La demande de consignation est injustifiée et doit être rejetée.

3- Sur la demande de constitution d'une garantie :

L'article 517 du code de procédure civile dispose : 'L'exécution provisoire peut être subordonnée à la constitution d'une garantie, réelle ou personnelle, suffisante pour répondre de toutes restitutions ou réparations'.

En l'espèce et ainsi que cela résulte des développements qui précèdent, la société Comap qui procède par voie d'affirmation sur un risque d'insolvabilité de M. [D] tout en se dispensant de produire tous éléments comptables certifiés et/ou attestations comptables, ne justifie pas d'une quelconque insolvabilité l'empêchant de régler les causes du jugement querellé.

Il ne saurait être exigé dans un tel contexte de M. [D] qu'il doive constituer une garantie réelle ou personnelle pour répondre d'éventuelles restitutions.

La demande sera rejetée.

4- Sur les dépens et frais irrépétibles :

En application de l'article 696 du code de procédure civile, les dépens de la présente instance seront supportés par la société Comap qui échoue en ses demandes.

L'équité commande de condamner la société Comap à payer à M. [D] une indemnité d'un montant de 1.500 euros sur le fondement des dispositions de l'article 700 du code de procédure civile.

PAR CES MOTIFS

Statuant publiquement, contradictoirement, par ordonnance mise à la disposition des parties au greffe,

Déboutons la société Aalberts HFC Comap SA de toutes ses demandes ;

Rappelons qu'en vertu de l'article L 111-10 alinéa 2 du code des procédures civiles d'exécution, l'exécution est poursuivie aux risques du créancier.
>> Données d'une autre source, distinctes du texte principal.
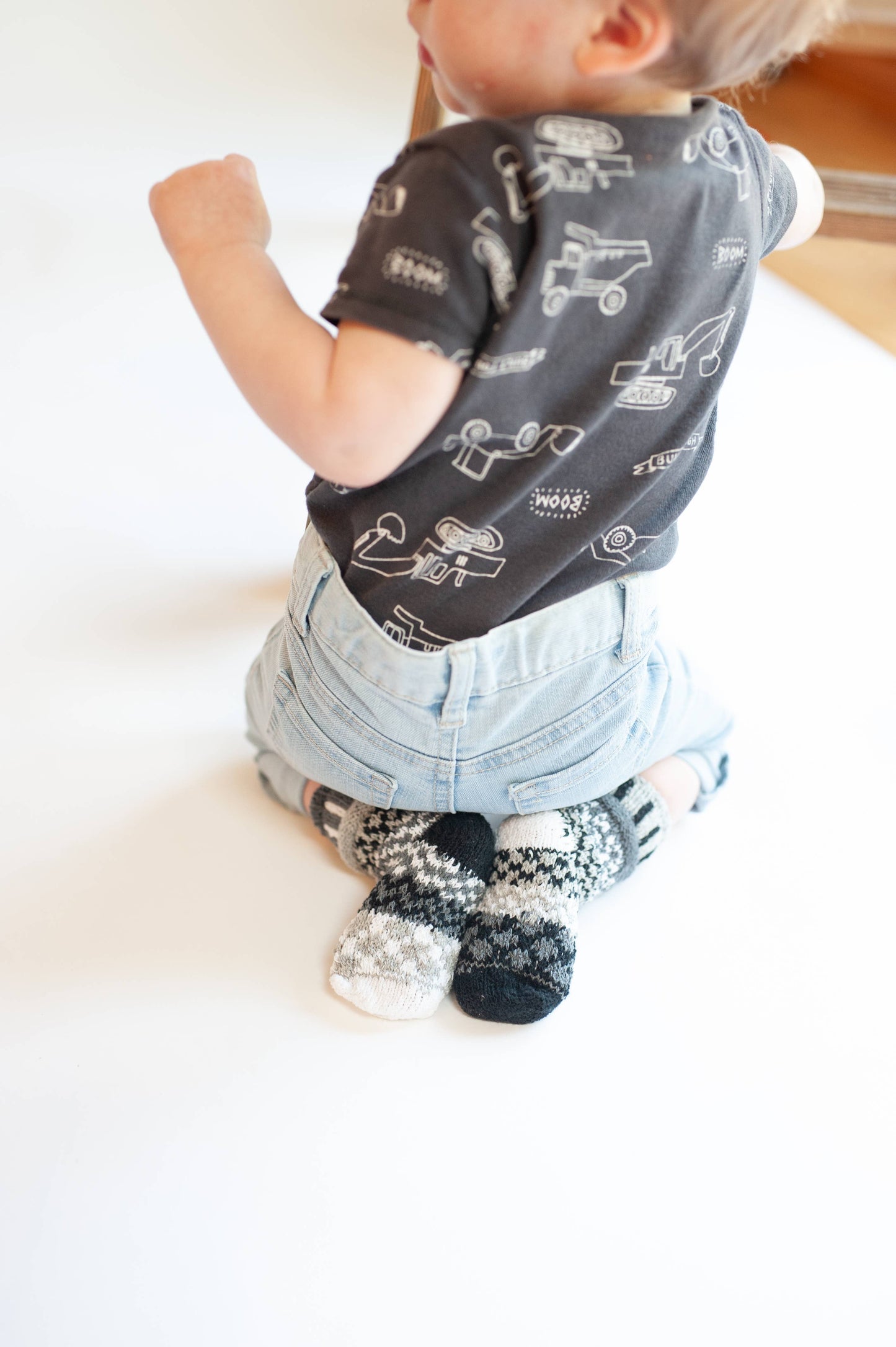 Solmate - Moonlight Baby Socks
Celui-ci rétablit le débiteur dans ses droits en nature ou par équivalent si le titre est ultérieurement modifié ;

Condamnons la société Aalberts HFC Comap SA à payer à M. [D] la somme de 1.500 euros sur le fondement des dispositions de l'article 700 du code de procédure civile ;

Condamnons la société Aalberts HFC Comap SA aux dépens de l'instance en référé.

LE GREFFIER, LE DÉLÉGUÉ DU PREMIER PRÉSIDENT.